The creator of one, titled "U.S. Soldiers Eliminate Three Taliban Fighters During Ambush," wrote to Funker530 in accompaniment with his submission:

*I wanted to share the video with the world because I was sick of hearing all the ignorant things said about what we are doing over there. People need to understand what it's like on the ground for the troops on the front line, and see what we have to deal with on a daily basis without some political spin on the story. This footage has been edited to exclude the close up graphic footage of the enemy KIA. *

The soldier-photographer implies here that the verisimilitude offered by the GoPro format, and the fact that the he himself is the chronicler of his own experience, allows the viewer to transcend the limitations inherent in the news media's retelling of such an incident.

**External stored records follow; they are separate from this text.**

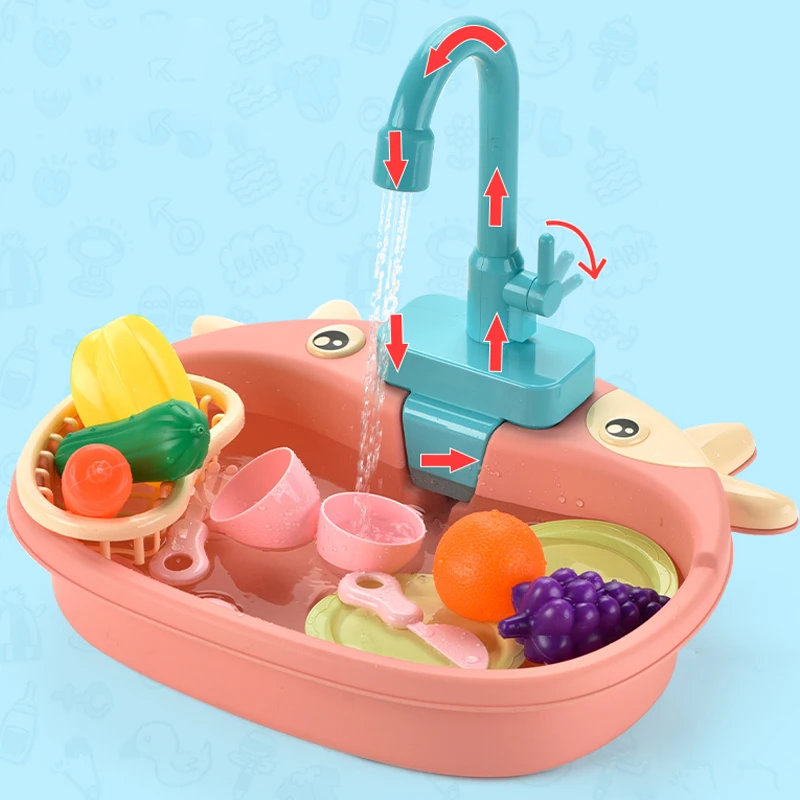 Giocattoli da cucina per bambini simulazione lavastoviglie elettrica finta gioca Mini cucina cibo giocattoli estivi educativi giochi di ruolo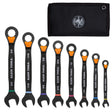 Klein 69508 SAE Ratcheting Combination Slide-Lock Wrench Set 5/16 in. to 3/4 in. with Roll Pouch (8 Piece)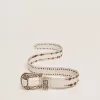 Damesriem van wit leer met gekleurde studs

It's plainly apparent, though, that the excision of enemy dead is its own form of mediation, even when this excision only takes place due to the exercise of something like good taste. But Funk himself said in his Reddit post that "It's also a breach of opsec to show details of dead or injured enemy combatants, and I prefer to stay in the Military's good books."

Despite their shared commitment, at least on paper, to mental health, Funk is not in the good books of Edna Foa, the pioneer of prolonged exposure therapy: "It makes me sick. Without doing a study, to validate that they really are helpful? I did not disseminate PE until I did several studies to show that it worked. So, I mean, selling it and saying that it's for the good of…," she said, trailing off for a moment before gathering herself.

"It's sickening."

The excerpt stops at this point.